On Thu, 30 Sep 1999 Glenatacme(a)aol.com wrote:
In a message dated 09/29/1999 3:04:36 PM Eastern
Daylight Time,
ard(a)p850ug1.demon.co.uk writes:
Interestingly, with this system when a disk is formatted it is required
that
the number of TPI be input. This is then stored
on the disk so I might
have
I assume that's total number of tracks, or something similar.
Yes, the total number of tracks.
LDOS (and related OSes) on the TRS-80s does much
the same thing. When you
format a disk it asks you for the number of sides and number of tracks.
And provided the hardware is capable of handling what you ask for, it
will format and (correctly) use the disk.

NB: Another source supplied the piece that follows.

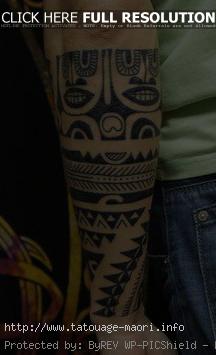 tatouage avant bras marquisien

Interesting -- I'd _not_ be shocked to find out that the maker of the system
I use "borrowed" the idea from RadShack.
BTW my understanding is that all 5.25 diskettes made today are bin-sorted --
that is, they shoot for DSHD and the fallouts are sold as DSDD. I have a
number of "DSDD" diskettes here which work well when formatted with 50+
tracks, although how this is possible with "40 track" DSDD drives I haven't
a
clue. Perhaps you do.
I think that you are confusing DSHD and 96tpi which are not necessarily
the same thing. Most DSDD disks will format to 96tpi (720k on 5.25"),
even the generics. But I have yet to successfully format a DSDD (360k)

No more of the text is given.